There won’t be much of a mystery with this one, as it is quite familiar, appearing repeatedly during the holiday season. The fruits are edible: tart and crunchy, lending themselves to a myriad of recipes, especially centered around the perfect sauce. Lumpy and pink, like Pepto-Bismol? Or smooth, glistening and red? Maybe mixed up with ground walnuts or even some minced jalapeno. Everyone has their favorite version, and there always seems to be place for it at the holiday table, right next to the pickle tray.
Our plant is a true American native, occurring in natural populations from the southern Appalachians (high elevations) well into New England, and then westward into the Great Lakes. It is a member of the heath family (Ericaceae), and is rather closely related to a number of different blueberry species. Typically, the plants grow in damp places, commonly in extensive sphagnum bogs. Their matted stems are low and creeping, with dark, shiny evergreen leaves about an inch long, and the stalked flowers are produced on upright branches. Plants bloom in the summer: each flower has five, white, fused petals, with the free lobes flaring backward. The fruits are technically berries, containing a number of tiny seeds, and they are brilliant red when ripe. Interestingly, one variety, from West Virginia, has bright green ripe berries.

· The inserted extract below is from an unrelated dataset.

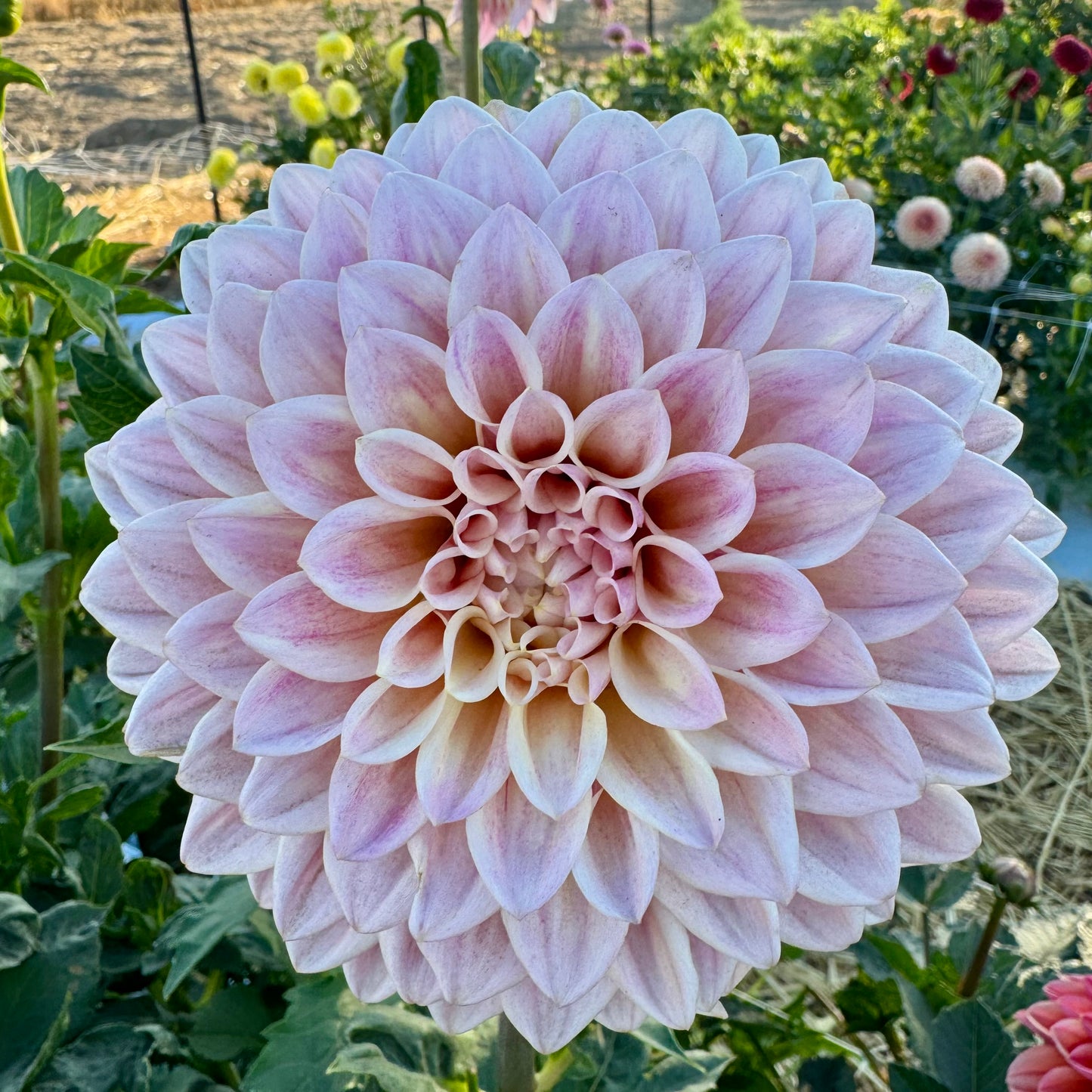 Dahlia Tuber: Castle Drive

The plants have been cultivated since early in the 19th Century, and a thriving industry has developed from their culture. Most of this industry is centered in Wisconsin, actually, but Massachusetts and New Jersey are also leading producers. At harvest time, the plots in which the plants grow are flooded, and the ripe fruits easily gathered as they float. The berries are prized as a tasty treat, especially for the seasonal sauce and various goodies that they render. (For you cooks, I’m told that the fresh berries will bounce when thrown on a table top. Not fresh, no bounce.) Otherwise, the commercially available juice from the fruits is full of vitamin C, antioxidants, and other healthful things, and it has been shown to be at least somewhat useful in treating urinary tract infections, and in combating oral bacteria. But everybody knows that the most important thing about this plant is the sauce.
It reminds me of the story about the lady who kept trying to come up with the perfect sauce for her husband, but who was never happy with what she invented. Time after time, each of her attempts was rejected. In desperation, she just bought a can of the sauce at the supermarket, and slid the whole thing, cylindrical, red, and wet, plopping out onto a plate. Her husband loved it. He said: “Honey, this sauce is wonderful! Just like Mom used to make!”
John Nelson is the curator of the Herbarium at the University of South Carolina, in the Department of Biological Sciences, Columbia, SC 29208. As a public service, the Herbarium offers free plant identifications. For more information, visit www.herbarium.org or call (803) 777-8196.
[Answer: “Cranberry,” Vaccinium macrocarpon]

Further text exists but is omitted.